Point défilement n’est aussi beau que la traversée d’une hideur naturo-humaine par un Train à Grande Vitesse. Des années de bons et loyaux services en ont fait mon bastion, mon autre chez moi, celui qui m’emmène de mon habitat à mon lieu de vie, de mon domicile à mon cocon, de mes familles à moi-même, l’autoroute de ma vie.
La France est mon endroit, ma maison personnelle. Les trains sont les pieds qui me permettent de changer de pièces que sont les villes. Chaque gare est la porte de ma chambre, de mon salon, de ma salle de bain… Quand on me demande d’où je viens, je me plais souvent à répondre : « de France ».
A quoi bon chercher, à 21 ans, j’ai déjà vécu ou séjourné longuement dans plus de 8 villes, j’ai déménagé 13 fois, et le nombre de cités qui m’ont vu passer dépasse mes capacités de calcul. Quant aux communes que j’ai eues ou ai encore projet d’investir, elles sont innombrables. J’ai la bougeotte, une curiosité sans égal a élu résidence dans mon âme. Chaque jour, j’espère apprendre, découvrir, rencontrer, partager. Je crois assumer pleinement le fait que je ne serais rien sans l’AUTRE.
D’aucun disait que « l’Enfer c’est les autres », à huis-clos je vous dirais que l’Enfer c’est moi-même et que les autres sont mon paradis, mon Eden de la multiplicité et de la différence. Qu’il soit avenant, sympathique, amical, mauvais, aigri ou malpoli, l’AUTRE me ravi, m’emplit, m’enseigne. Mais l’AUTRE ne me possède pas et je ne dois pas chercher à le posséder. Je l’aperçois, l’observe, je profite de sa présence d’esprit, de la présence de son esprit aux côtés du mien. J’aime qu’il contribue à me façonner, j’aime qu’il bouscule les certitudes d’un « habitus » qui me construit, comme un coup de masse dans le mortier qui cimente le mur de briques de mon moi-social, de mon moi-profond.
Malheureusement, dans un bonheur soudain, il m’arrive de m’attacher à l’un de ces Autres. La symbiose se rompt. Je voudrais posséder. Il n’y a plus « moi et l’AUTRE », il y a « moi, lui et ces autres ».
Mais qu’est-ce que ce sentiment d’attachement, cette émotion qui bouillonne quand je voudrais refroidir ?

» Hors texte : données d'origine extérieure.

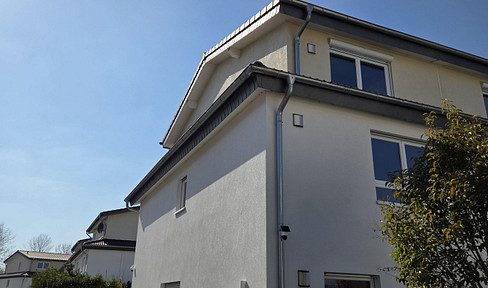 Semi-detached house in Bonn Buschdorf, built in 2018, in excellent condition: Move in and feel right at home!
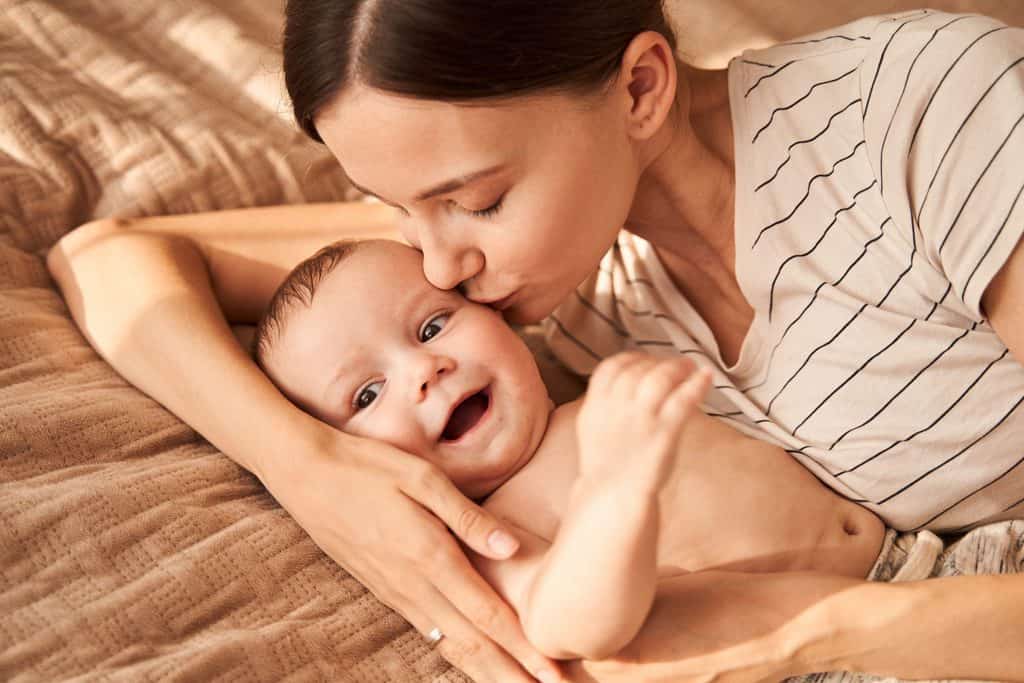 5 Phrases à ne SURTOUT pas dire à une femme après l’accouchement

La réponse ubiquitaire à toutes les questions sur le sens de l’attachement serait selon moi la suivante : S’attacher, c’est avoir peur de perdre l’autre.
Il n’est donc clairement rien de plus vicieux. L’attachement procure joies et sourires, rires et passions, charnelles ou non. Mais quoi de plus sale qu’un bonheur bâti sur la peur, qu’un bonheur qui engendre la peur ? D’ailleurs, le bonheur né-t-il du mal ou l’engendre-t-il ?
Alors maintenant que l’attachement à cet autre, à ce Lui, a de nouveau perturbé la synergie de mon existence, que dois-je faire ? Dois-je me battre pour quelque chose de vraisemblablement hors d’atteinte ? Cela ne serait-il pas un nouveau moyen de fatiguer mon âme fraîchement cicatrisée ? N’y aurait-il pas une forme de masochisme égoïste dans cette inéluctable recherche du bien-être qui semble m’animer ?
Je suis intimement convaincu que le bonheur ne vient pas seul, mais je suis tout autant persuadé qu’on ne le trouve pas en le cherchant. Car le bonheur, nous l’avons déjà tous trouvé, il est là, autour de nous. Encore faut-il que j’apprenne à m’en rendre compte et à m’en satisfaire. Douce utopie de mon âme paumée.
Mon esprit converse constamment avec lui-même. Dans un but obscur, il me pose mille questions auxquelles je tente de répondre. Le délire qui m’anime me fait rire de son rationalisme.